**Assignment**
Work through the listing below and give again exactly the lines from the one with "Since the Line" to the one with "Now look at", both ends included. All other lines and all pictures stay out.

**Materials provided**
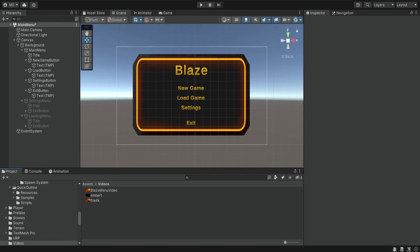Hello there and welcome. In this tutorial I'm going to show you how we can play videos inside Unity.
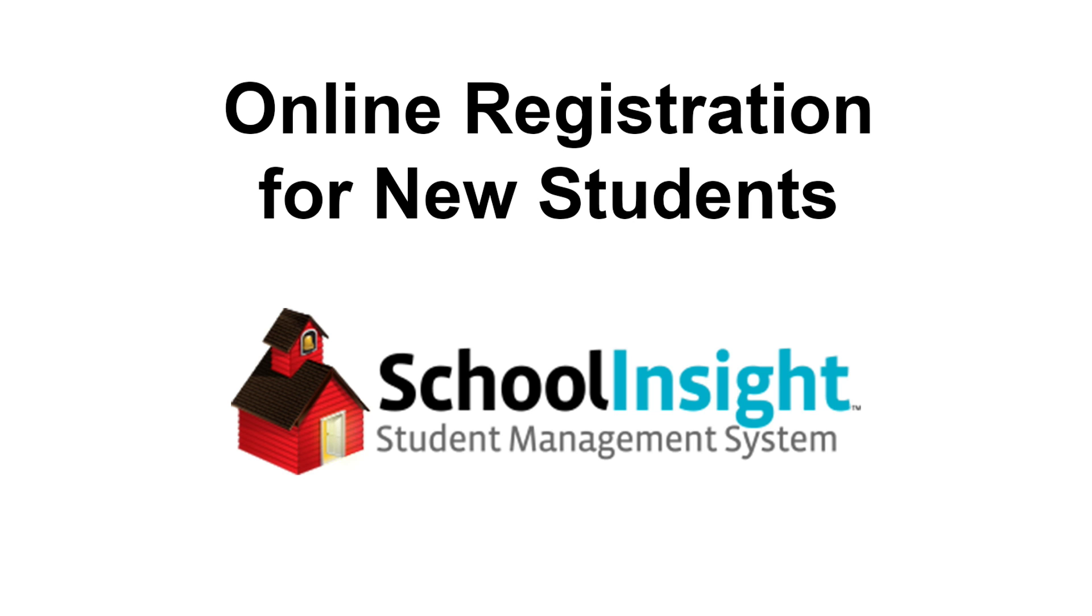This is the new student online registration option in School Insight.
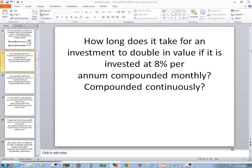In this problem it says how long does it take for an investment to double — so we're solving for T — if it's invested at 8% per year, compounded monthly and then continuously.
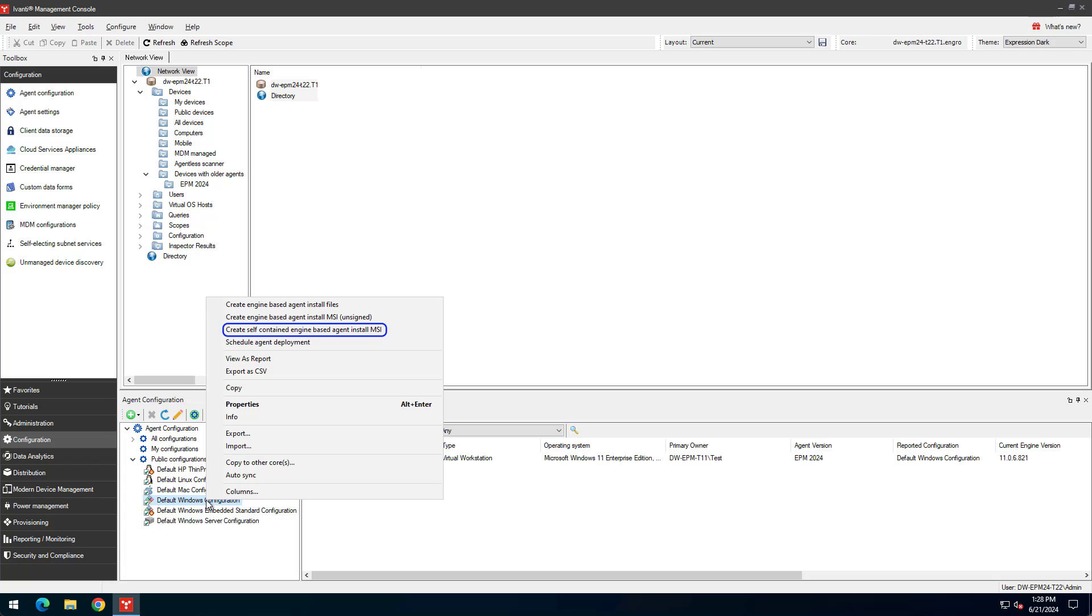The Create Self-Contained Engine Based Agent Install MSI option creates a single MSI containing full versions of all MSIs. This MSI is much larger because it includes all engine MSI files as well. This is also the only agent installation option that works on devices that don't have access to the core server during installation.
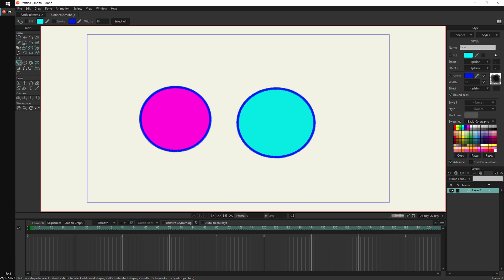Since the Line style only affects the line and the Fill style only affects the fill, there's no conflict. But if your styles both have checkboxes enabled for the same property, one style will be prioritized over the other. That's likely what was happening in your example — both styles were affecting the fill, stroke, and possibly brushes, so the software had to pick one to show.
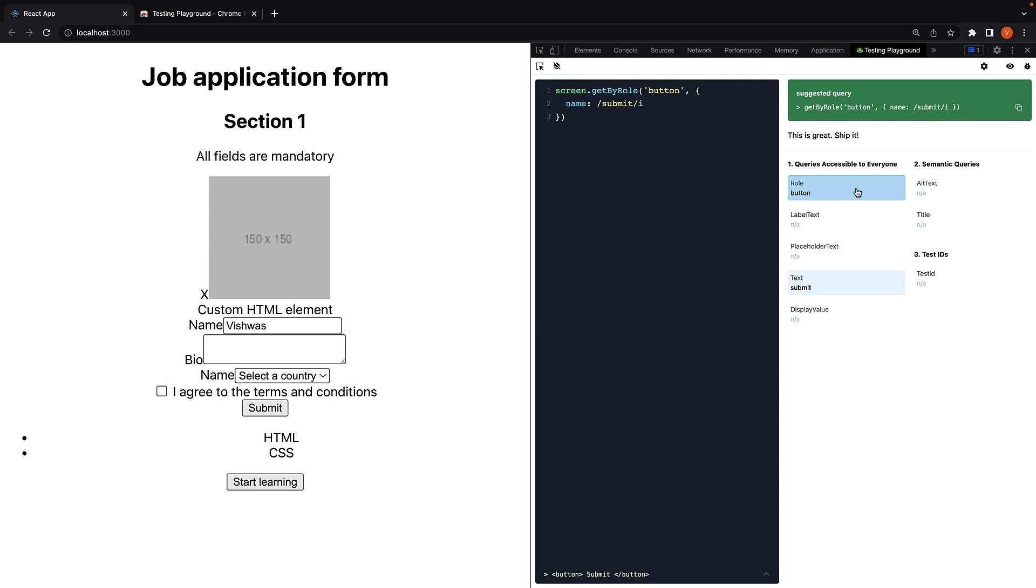You can also see different queries based on priority. We have GetByRole which is a query accessible to everyone and we can select the element using GetByText as well.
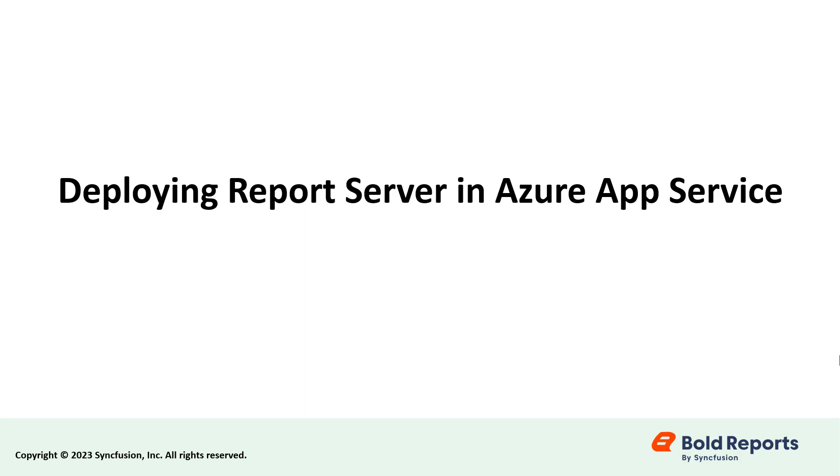Hello everyone, welcome back. In this video, I am going to explain the steps to be followed when deploying the Bold Reports Report Server in Azure App Service using the ARM template.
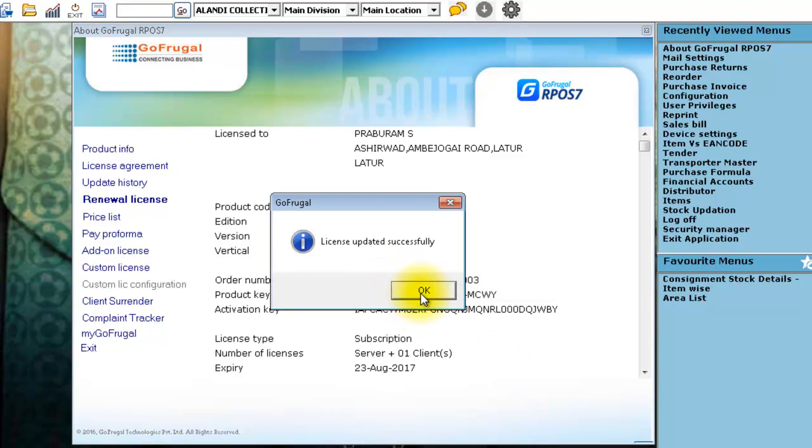Once synced, you will get a message saying that the license has been updated successfully. Click on OK.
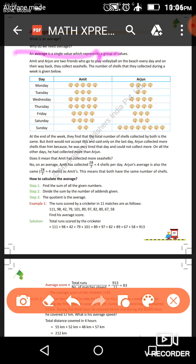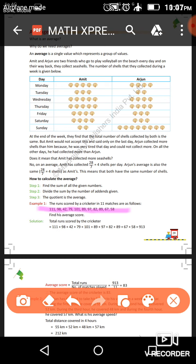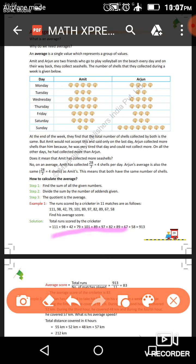Average is a single value that tells the ratio for an entire group. For example, question number one: the sum of runs scored by a cricketer in 11 matches are as follows — 111, 98, 42, 79, 101, 89, 97, 82, and more. Find his average score. First, all the given data for 11 days is added together.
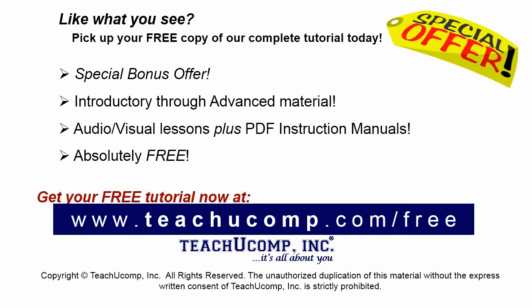Like what you see? Pick up your free copy of the complete tutorial at www.teachyoucomp.com/free.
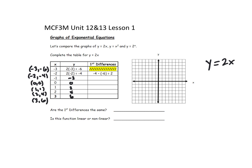So we have the points: negative 3, negative 6; negative 2, negative 4; negative 1, negative 2; 0, 0; 1, 2; and 2, 4. I can see by the points that I've graphed that it does indeed give me a linear equation, which is what I expected from the equation.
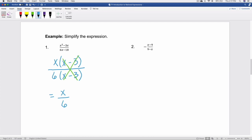Now look at number 2 — remember the rule about negative signs and rational expressions? That's exactly what's happening here. We have x minus 9 over 9 minus x. The fraction itself follows that rule and simplifies to negative 1. Then we have the negative sign in front, so the opposite of negative 1 gives us two negatives, which simplifies to positive 1, or just 1.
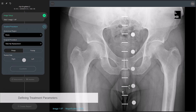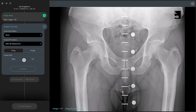The next step is the surgical procedure definition where you will review and define certain properties. The software has automatically detected the anatomical region as the pelvis region and is suggesting a total hip replacement. All you need to do is review these parameters, define whether it's a pre- or post-op image, and choose the correct treated side by selecting either right or left.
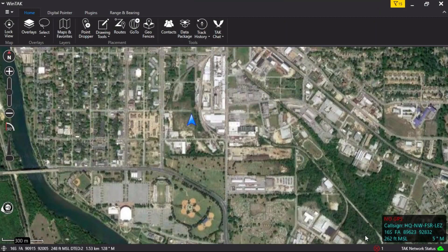Windows 4.0 Civilian Maps and Favorites. WinTag displays multiple map formats, both locally stored and from online sources. In the toolbar, left-click on the Maps and Favorites tool.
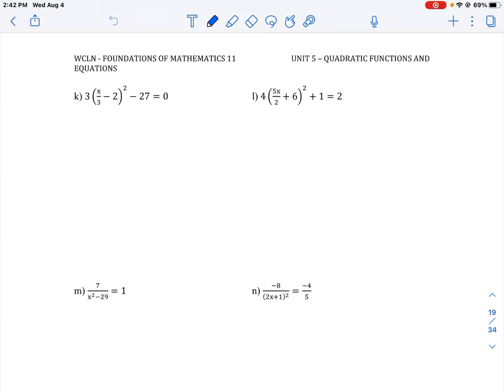Let's take a look at how we can solve some of these more complex equations that have the square root or square terms in them. We're being asked to solve this using the square root principles. So let's take a look at question K. We have an expression that says 3 times (x over 3 minus 2), in brackets all squared, minus 27 is equal to 0.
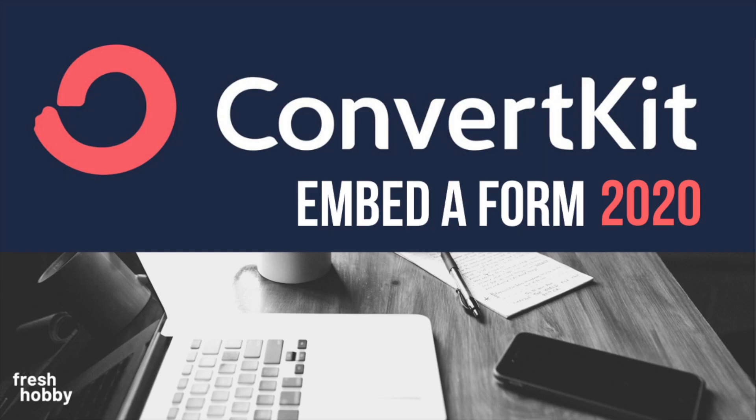All right, today we're going to take a look at embedding a ConvertKit form into your WordPress website through the ConvertKit plugin.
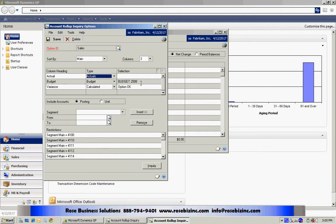And if I have a budget, I can put the budget in here as well. And then I can select the individual accounts or maybe the segments that I want to include in my inquiry.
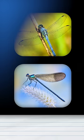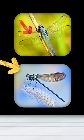The big-eyed insect also rests with its wings open, while the small-eyed insect rests with its wings closed.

**Result of the exercise**
Since the Line style only affects the line and the Fill style only affects the fill, there's no conflict. But if your styles both have checkboxes enabled for the same property, one style will be prioritized over the other. That's likely what was happening in your example — both styles were affecting the fill, stroke, and possibly brushes, so the software had to pick one to show.
You can also see different queries based on priority. We have GetByRole which is a query accessible to everyone and we can select the element using GetByText as well.
Hello everyone, welcome back. In this video, I am going to explain the steps to be followed when deploying the Bold Reports Report Server in Azure App Service using the ARM template.
Once synced, you will get a message saying that the license has been updated successfully. Click on OK.
Average is a single value that tells the ratio for an entire group. For example, question number one: the sum of runs scored by a cricketer in 11 matches are as follows — 111, 98, 42, 79, 101, 89, 97, 82, and more. Find his average score. First, all the given data for 11 days is added together.
Like what you see? Pick up your free copy of the complete tutorial at www.teachyoucomp.com/free.
So we have the points: negative 3, negative 6; negative 2, negative 4; negative 1, negative 2; 0, 0; 1, 2; and 2, 4. I can see by the points that I've graphed that it does indeed give me a linear equation, which is what I expected from the equation.
Now look at number 2 — remember the rule about negative signs and rational expressions? That's exactly what's happening here. We have x minus 9 over 9 minus x. The fraction itself follows that rule and simplifies to negative 1. Then we have the negative sign in front, so the opposite of negative 1 gives us two negatives, which simplifies to positive 1, or just 1.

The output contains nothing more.